During nerve block procedure for the mandibular arch, the area where the needle should focus is occupied to a large extent by the medial pterygoid muscle. During an inferior alveolar nerve block, if the needle placement is too medial, there are chances that the needle might pierce the medial pterygoid muscle resulting in less effective anesthesia as well as postoperative trismus.
The medial pterygoid muscle along with masseter muscle forms a 'pterygomassetric sling' that suspends the mandible. After orthognathic surgery to treat mandibular prognathism, this sling greatly affects the stability of the two segments of the mandible. Also, the healing process of bone between the two segments (distal and proximal) is subject to influence by the magnitude of force applied by the sling.
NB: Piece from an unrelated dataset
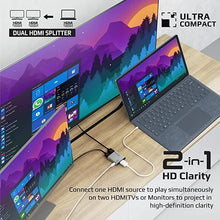 Load image into Gallery viewer, Promate HDMI Splitter with Ultra HD 4k 60Hz Resolution, Dual HDMI Ports and Compact Design, MediaSplit-C2
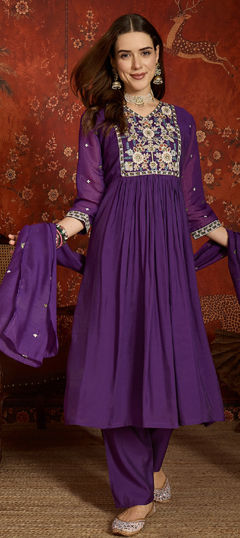 Purple and Violet color Salwar Kameez in Mul Chanderi fabric with Embroidered work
Infection in the mandibular teeth more frequently involves the lower compartment of the masticatory space, which contains medial pterygoid muscle; this could result in pterygoid muscle abscess. Since both masticator space and infratemporal fossa share the medial pterygoid muscle, there are chances of the potential spread of infection from this space to the infratemporal fossa.
Sometimes, an occlusal interference may occur due to movement of the accessory medial pterygoid muscle, which is clinically evident on the buccal cusps of the third molar. This occlusion abnormality may act as a trigger point for spasm of the muscle, which can be clinically checked by fixing the mandible under pressure in the most posterior and centric position to make the interfering occlusal contacts evident.
During vertical jaw movements, lateral pterygoid muscle act as a primary muscle that generates horizontal forces. However, the medial pterygoid muscle may also play a role in controlling horizontal jaw positions.
Utmost care is necessary during the surgical removal of the third molar in the mandibular arch as the tooth can easily get displaced into the space present between the ramus of the mandible and medial pterygoid muscle.